# [Exercise instructions]
Omit the images. Restate all of the records word for word.

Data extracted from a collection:

★ ★ ★ ★ ★ ★ ★

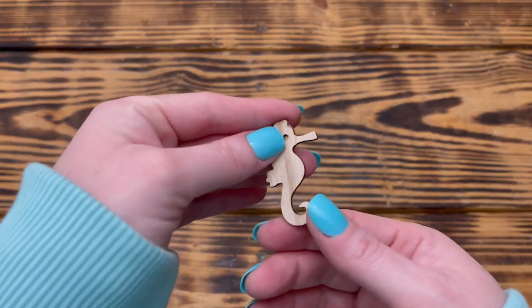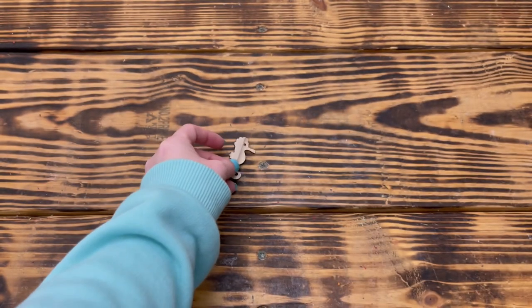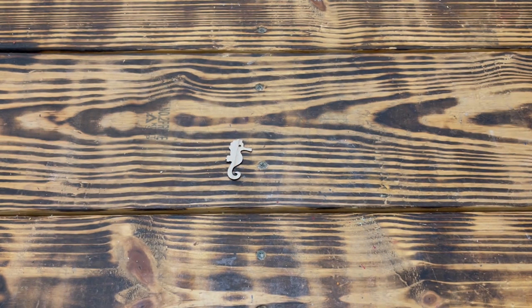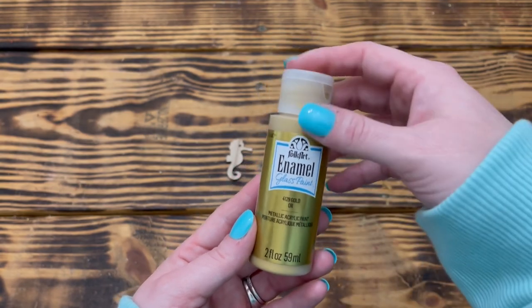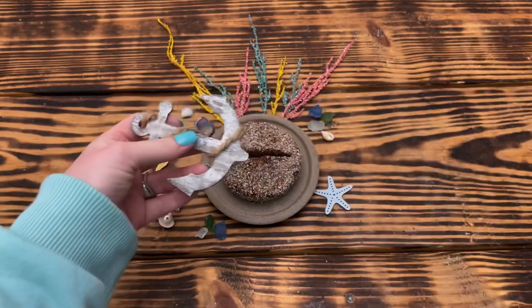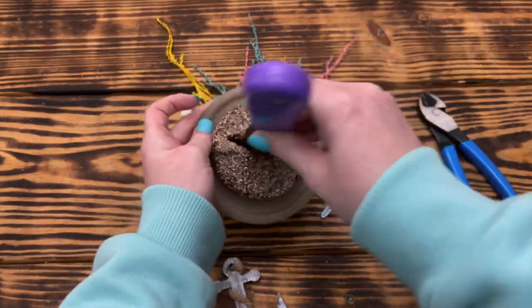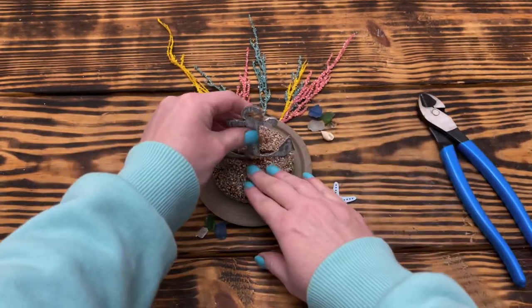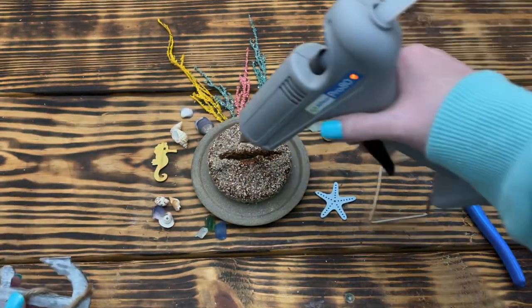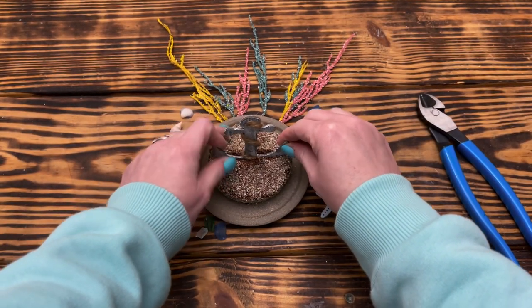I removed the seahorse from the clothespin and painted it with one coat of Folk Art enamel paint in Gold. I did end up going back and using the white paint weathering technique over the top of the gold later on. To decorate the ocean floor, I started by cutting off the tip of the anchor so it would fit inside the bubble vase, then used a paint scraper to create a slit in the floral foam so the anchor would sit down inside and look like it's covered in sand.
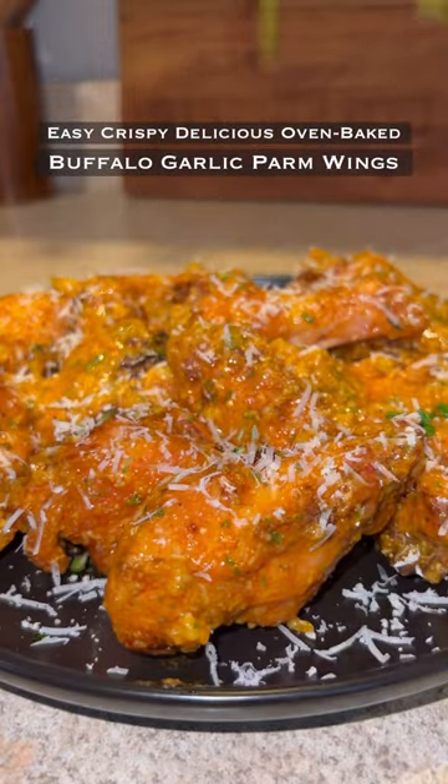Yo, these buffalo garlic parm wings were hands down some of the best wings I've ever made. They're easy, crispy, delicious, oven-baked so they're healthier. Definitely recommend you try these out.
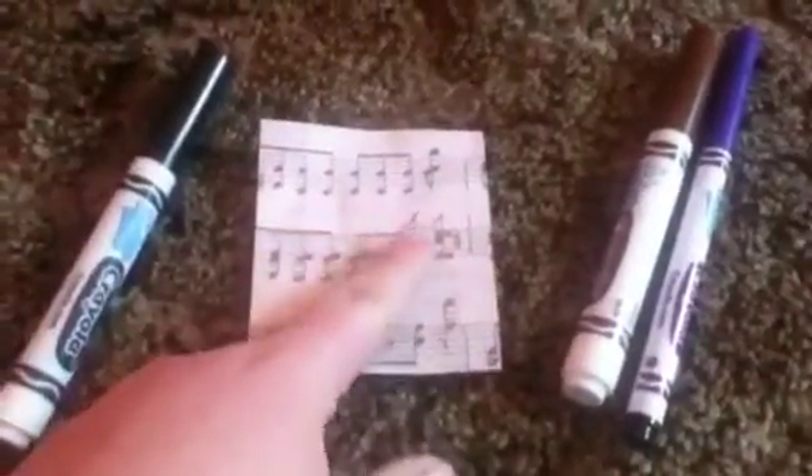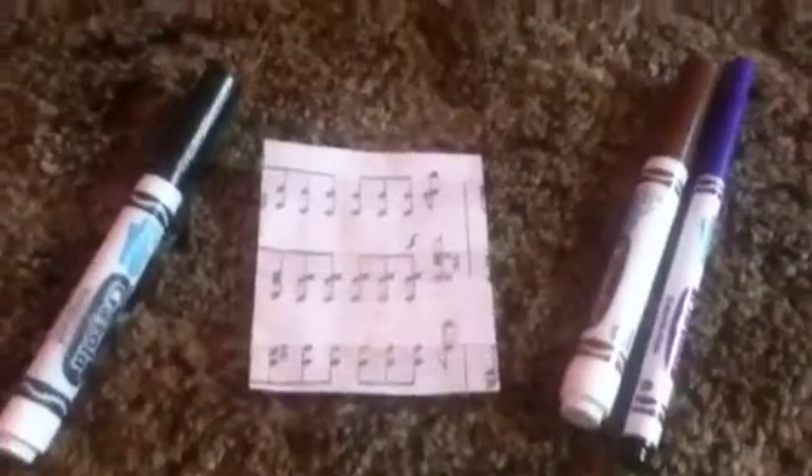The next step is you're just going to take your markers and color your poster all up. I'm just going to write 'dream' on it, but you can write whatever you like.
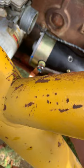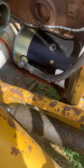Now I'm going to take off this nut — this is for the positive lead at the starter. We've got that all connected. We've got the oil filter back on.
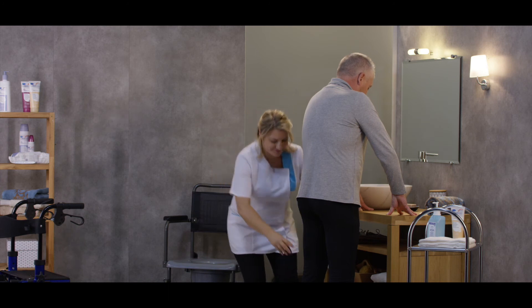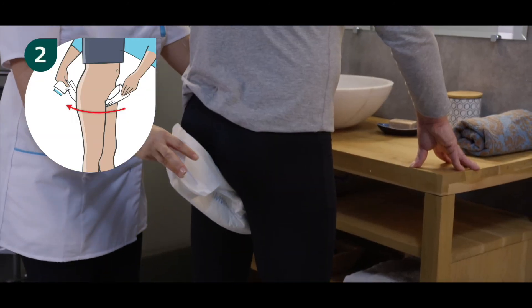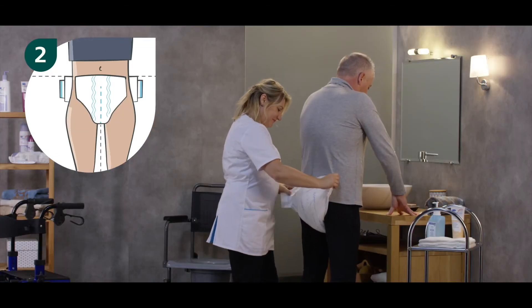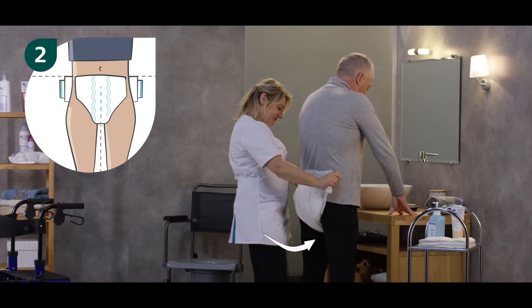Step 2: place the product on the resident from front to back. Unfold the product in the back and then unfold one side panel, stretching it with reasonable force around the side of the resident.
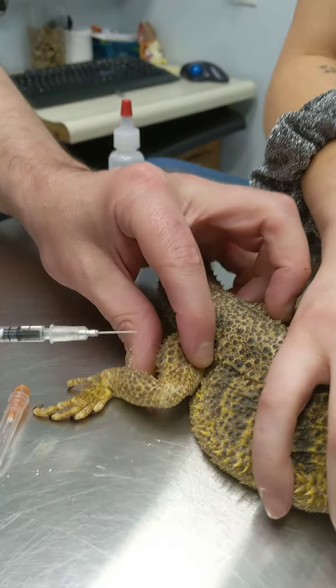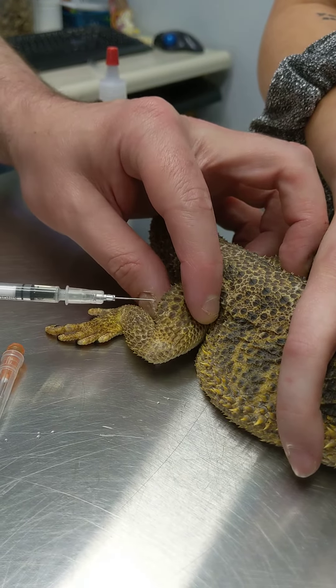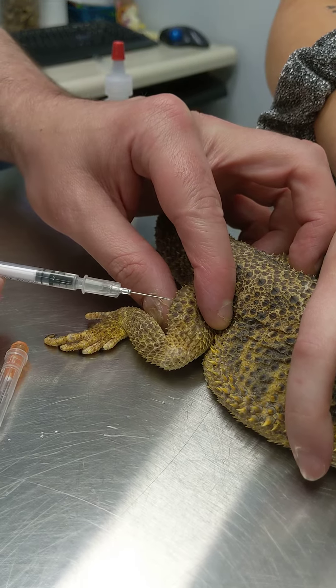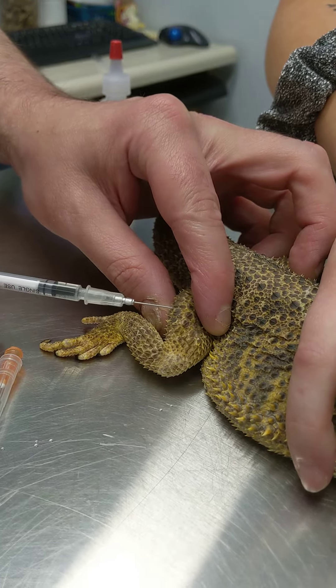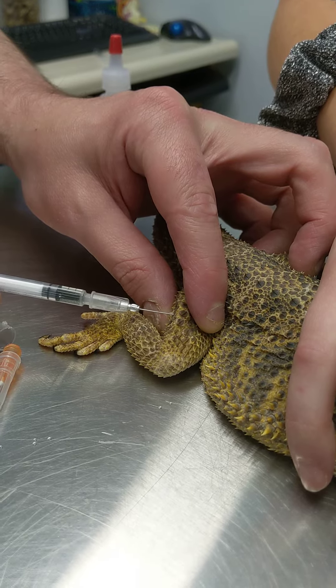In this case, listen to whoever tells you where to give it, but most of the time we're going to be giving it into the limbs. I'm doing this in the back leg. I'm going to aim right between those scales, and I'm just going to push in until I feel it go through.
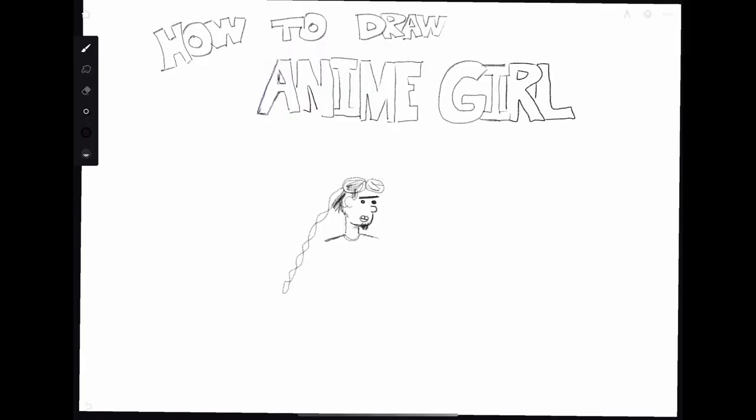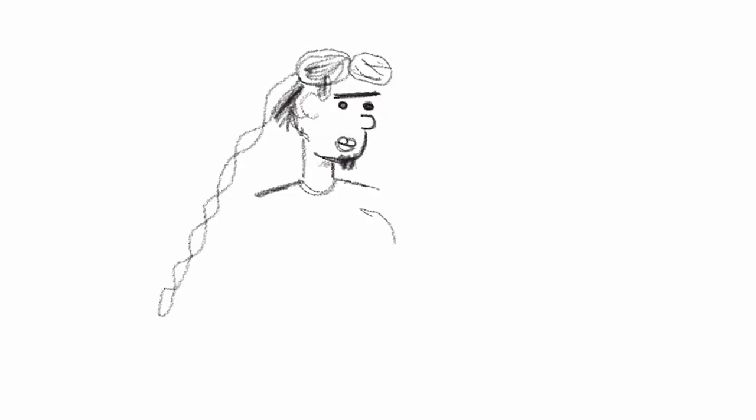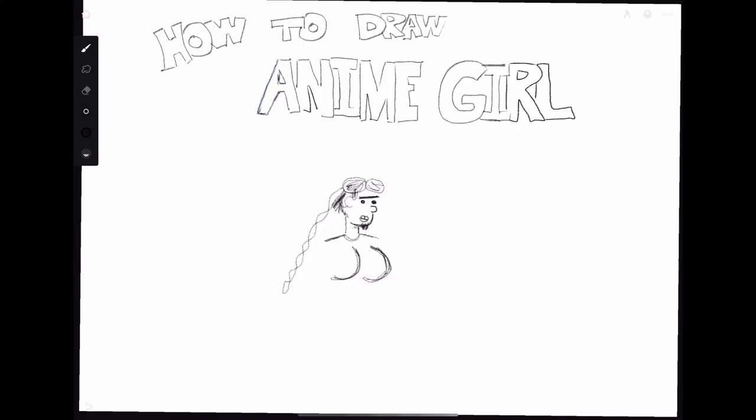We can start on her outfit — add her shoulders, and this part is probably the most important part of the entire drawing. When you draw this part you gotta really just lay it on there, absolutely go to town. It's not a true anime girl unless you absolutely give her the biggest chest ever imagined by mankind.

★ ★ ★ ★ ★ ★ ★

# [Reply to the task]
I removed the seahorse from the clothespin and painted it with one coat of Folk Art enamel paint in Gold. I did end up going back and using the white paint weathering technique over the top of the gold later on. To decorate the ocean floor, I started by cutting off the tip of the anchor so it would fit inside the bubble vase, then used a paint scraper to create a slit in the floral foam so the anchor would sit down inside and look like it's covered in sand.
Yo, these buffalo garlic parm wings were hands down some of the best wings I've ever made. They're easy, crispy, delicious, oven-baked so they're healthier. Definitely recommend you try these out.
The next step is you're just going to take your markers and color your poster all up. I'm just going to write 'dream' on it, but you can write whatever you like.
Now I'm going to take off this nut — this is for the positive lead at the starter. We've got that all connected. We've got the oil filter back on.
Step 2: place the product on the resident from front to back. Unfold the product in the back and then unfold one side panel, stretching it with reasonable force around the side of the resident.
In this case, listen to whoever tells you where to give it, but most of the time we're going to be giving it into the limbs. I'm doing this in the back leg. I'm going to aim right between those scales, and I'm just going to push in until I feel it go through.
We can start on her outfit — add her shoulders, and this part is probably the most important part of the entire drawing. When you draw this part you gotta really just lay it on there, absolutely go to town. It's not a true anime girl unless you absolutely give her the biggest chest ever imagined by mankind.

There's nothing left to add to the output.